California seeks to justify its election laws by pointing to the same substantial interests we identified in Jenness, of insuring that candidates possess a modicum of support, and that voters are not confused by the length of the ballot. But in sharp contrast to the election laws we upheld in Jenness, California's statutory scheme greatly restricted the pool of registered voters from which appellants Hall and Tyner were permitted to draw signatures. The 5% requirement, in reality, forced them to secure the signatures of 9.5% of the voters permitted by law to sign nomination petitions. Moreover, unlike Georgia's six-month period for gathering signatures, the California election laws required appellants to meet that State's higher percentage requirement in only 25 days. Thus, even conceding the substantiality of its aims, the State has completely failed to demonstrate why means less drastic than its high percentage requirement and short circulation period—such as the statutory scheme enacted in Georgia—will not achieve its interests.
See Gaylord, History of the California Election Laws 59, contained in West's Ann.Elec. Code (1961), preceding §§ 1—11499.

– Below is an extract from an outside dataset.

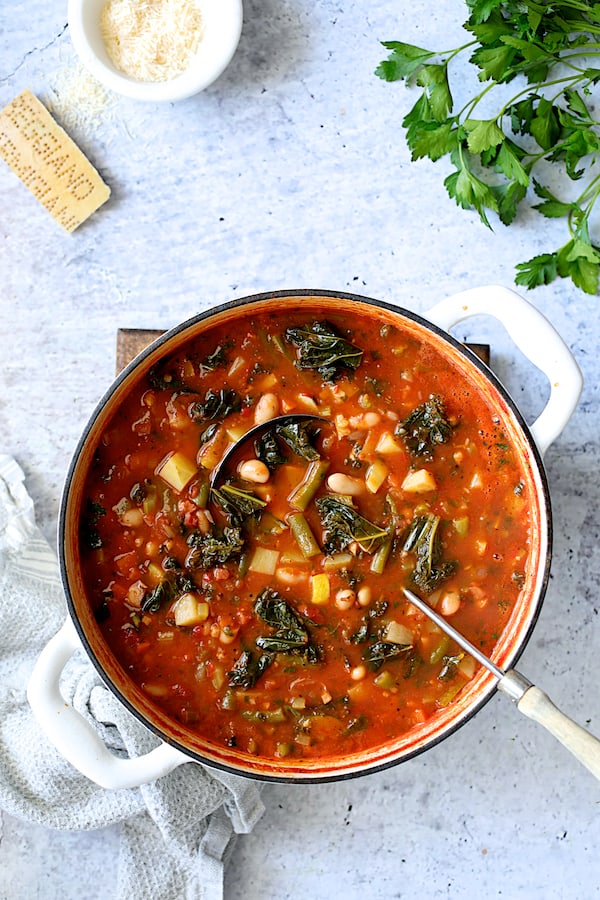 Photo of finished Italian Vegetable Stew in white Dutch oven on light blue background with cheese and parsley.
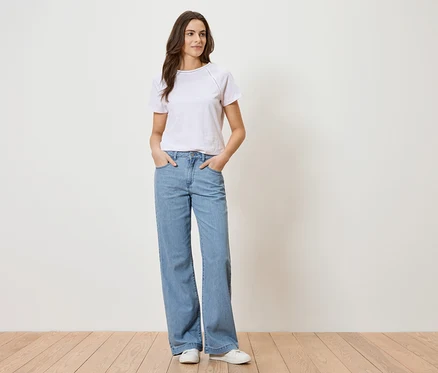 Femme portant un t-shirt blanc et un jean bleu debout devant un mur blanc.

From the official published voting statistics published by the California Secretary of State, it would appear that the total vote in the 1972 primaries, seemingly the total number of persons voting, was 6,460,220, while the total vote for partisan presidential candidates was 5,880,845. Thus all but approximately 579,000 voted for a partisan candidate in the presidential primary and it is likely that many of the 579,000 not voting for President cast a partisan ballot for other candidates. But assuming that they did not, the maximum addition to the pool available to Hall would be 579,000, probably a relatively small difference in terms of the total number of eligible signers. See Secretary of State, Statement of Vote, State of California, Consolidated Primary Election, June 6, 1972, pp. 3, 4—23.